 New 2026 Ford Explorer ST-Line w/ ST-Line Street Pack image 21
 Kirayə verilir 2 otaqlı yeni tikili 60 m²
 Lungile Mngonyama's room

____

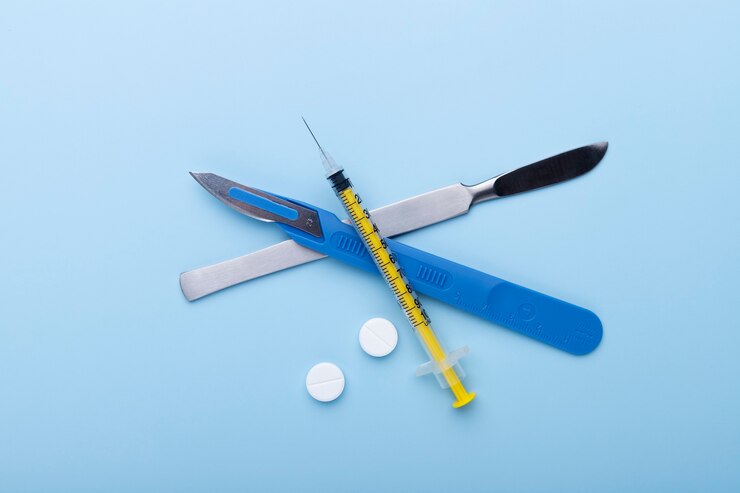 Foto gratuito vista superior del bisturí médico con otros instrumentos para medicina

____

§ **Exercise goal**
Above are some records; copy exactly the lines from the one with "New 2026 Ford" through the one with "Lungile Mngonyama's room", both included, and no others.

§ **Response for this exercise**
 New 2026 Ford Explorer ST-Line w/ ST-Line Street Pack image 21
 Kirayə verilir 2 otaqlı yeni tikili 60 m²
 Lungile Mngonyama's room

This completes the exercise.